The East African nation exported 671,152 60-kilogram bags of coffee in March, marking a 2.9 percent increase from March 2025, the Ministry of Agriculture, Animal Industry and Fisheries said in a report published late Monday.
The modest rise in export volumes reflects stronger agricultural output, as favorable weather conditions and ongoing investments in the sector helped boost production. Coffee remains one of Uganda’s most important cash crops and a key source of foreign exchange, supporting millions of smallholder farmers across the country.
“Coffee export volumes during the month were higher than March of last year on account of increased coffee production,” the ministry said in its report.

However, the gains in volume were offset by a sharp decline in international coffee prices, which led to a drop in export revenues. Earnings from March shipments fell by 13.6 percent compared to the same month a year earlier, underscoring the vulnerability of commodity-dependent economies to fluctuations in global markets.
Uganda, Africa’s leading coffee exporter, has been working to expand production and improve quality in a bid to strengthen its position in the global market.
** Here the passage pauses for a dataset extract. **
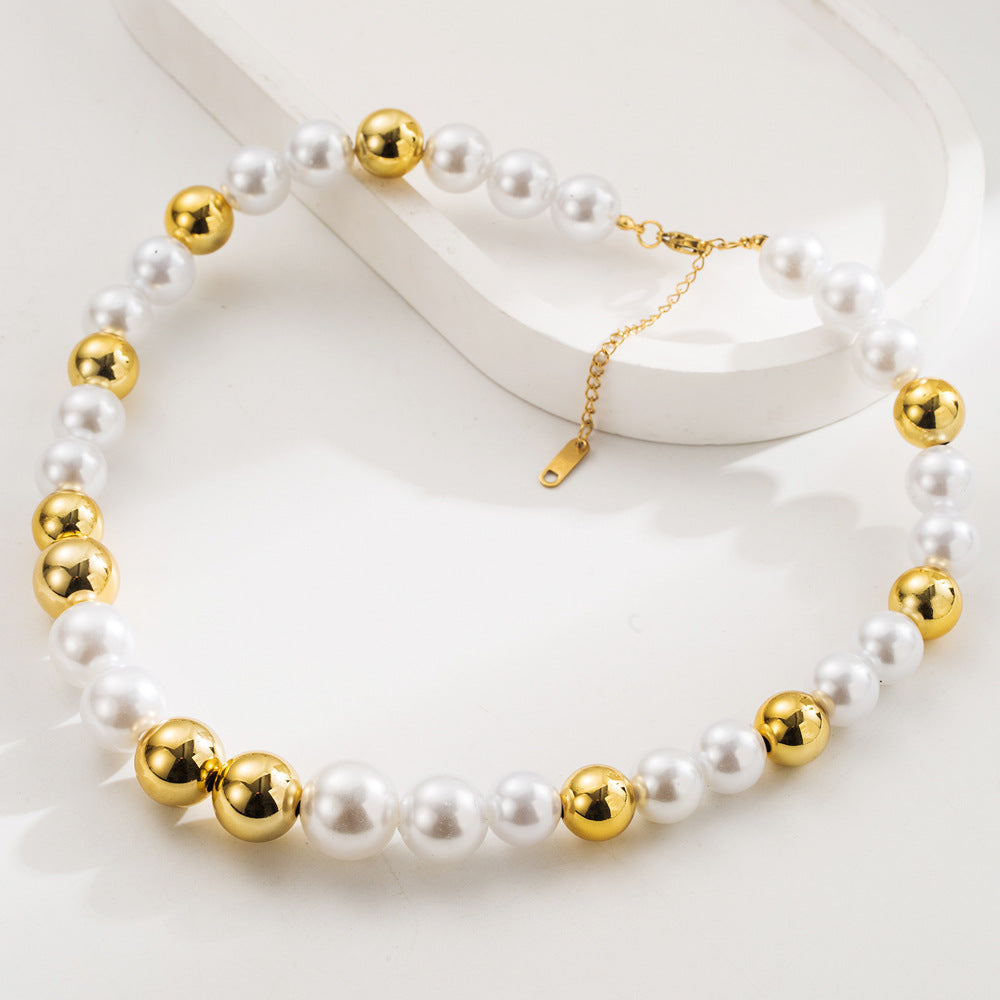 Elegant Gold Pearl Beading Necklace For Women In Titanium Steel With Zircon Inlay And Beaded Chain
The country primarily grows Robusta coffee, though Arabica varieties are also cultivated in higher altitude regions.
Despite the monthly dip in earnings, Uganda’s coffee sector has recorded strong growth over a longer period. In the 12 months leading up to March 2026, the country generated US$2.4 billion in export revenues from coffee, a significant increase from US$1.8 billion in the previous 12-month period.
The surge in annual earnings highlights both increased export volumes and, until recently, relatively favorable global prices. It also reflects government efforts to support farmers through distribution of seedlings, extension services, and initiatives aimed at improving post-harvest handling.
Coffee plays a central role in Uganda’s economy, accounting for a substantial share of export receipts and providing livelihoods for an estimated 1.7 million households. The government has set ambitious targets to further expand production, aiming to reach 20 million 60-kilogram bags annually within the next decade.

Analysts say that while rising export volumes are encouraging, the decline in global prices poses a challenge for sustaining income growth in the sector. International coffee prices have been under pressure due to increased supply from major producers and shifting demand patterns in key markets.
“Uganda’s performance shows resilience in terms of output, but the price factor remains a critical risk,” said an agricultural economist based in Kampala. “Diversification and value addition will be essential to shield farmers from volatility.”
Authorities have increasingly emphasized the need to move up the value chain by promoting local processing and branding of Ugandan coffee. Efforts are also underway to strengthen quality control and access to premium markets, which could help secure better prices for exporters.

Regional competition is also intensifying, particularly from Ethiopia, Africa’s second-largest coffee exporter, which has a strong reputation for high-quality Arabica beans.
Even so, Uganda’s steady increase in production positions it well to capitalize on long-term growth in global coffee consumption, especially in emerging markets.
As the sector navigates price pressures, policymakers and industry players alike are expected to focus on improving resilience, boosting productivity, and enhancing value addition to ensure that the benefits of rising export volumes translate into sustained economic gains.